Co-Creating Change

Co-Creating Change

A few years ago, I attended a conference, where I was told of a program run via the UN,  that worked with Vietnamese ex heroin addicts. They were pair

A few years ago, I attended a conference, where I was told of a program run via the UN,  that worked with Vietnamese ex heroin addicts. They were paired with a local rapper, and made a song and music video to highlight the exclusion of people like themselves from society due to local mores and taboos (addicts are seen as those who have lost their souls, and thus become outcasts). When I asked what happened to the five ladies who participated, I was told that they eventually all died of overdoses.

A couple of years ago, as part of a research project into local filmmaking, we conducted a workshop with filmmakers of Colour, looking at the stumbling blocks that hindered their ambitions in the industry. Amongst other things, all of the filmmakers present stated that they were no longer willing to take part in any more schemes, mainly becouse every scheme, every program, every project that that had been a part of, primarily served the needs of the organisations and institutions that headed them, even though these were supposed to be co collaborative spaces focused on the participants.

Sometime back , I was part of a program run through a museum, that looked at decolonising  its space and attracting a more diverse audience.

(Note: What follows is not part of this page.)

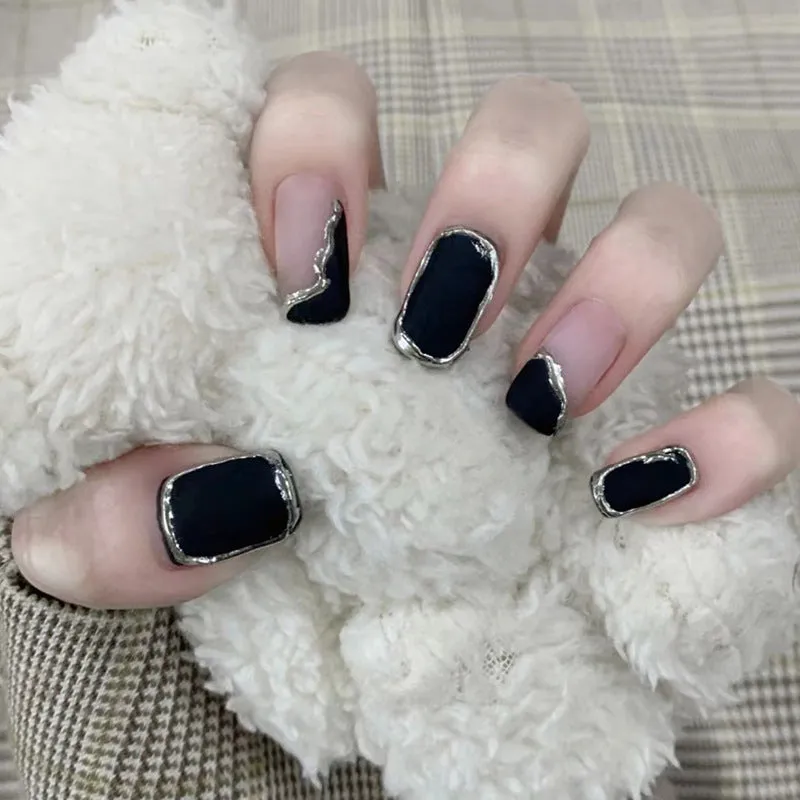 Square Dark Brushed French Silver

This was a great showpiece for the Brand, its partners and stakeholders. The program was put on hold when, from both mine and others perspectives, this brought into question the scope of institution’s commitment to lasting change.

Earlier this year, my company, Signifier, in partnership with PortoDigital, and as part of the DICE program, went to Recife in Brazil to conduct a series of workshops. These were held with Local Enterprises, commumity leaders and, most importantly, people from peripheral communities in and around the City, with a focus on women and People of Colour, who are woefully underrepresented and underserved by the both their city, and the tech enterprises that comprise the PortoDigital Ecosystem

Our initial brief was to help PD to connect with these communities in order to create pathways to employment through empowerment. We took the brief further, because in our minds, creating pathways to empower individuals into employment souunds great, but does little to transform communities… instead we focused on entrepenuership, in order to encourage ownership of means, ownership of career, and ownership of narrative

A large part of that vision required a paradigm shift in how people from peripheral communities are not only seen, but engaged, and in creating this program, we had to change our perspective of the people that we engaged from participants to stakeholders. This meant that they would come to have ownership of the program, and crucially, a voice that meant that the outlook, outcomes, and legacies from this program are as much theirs to influence, especially since they have the most to gain, and also the most to lose out on.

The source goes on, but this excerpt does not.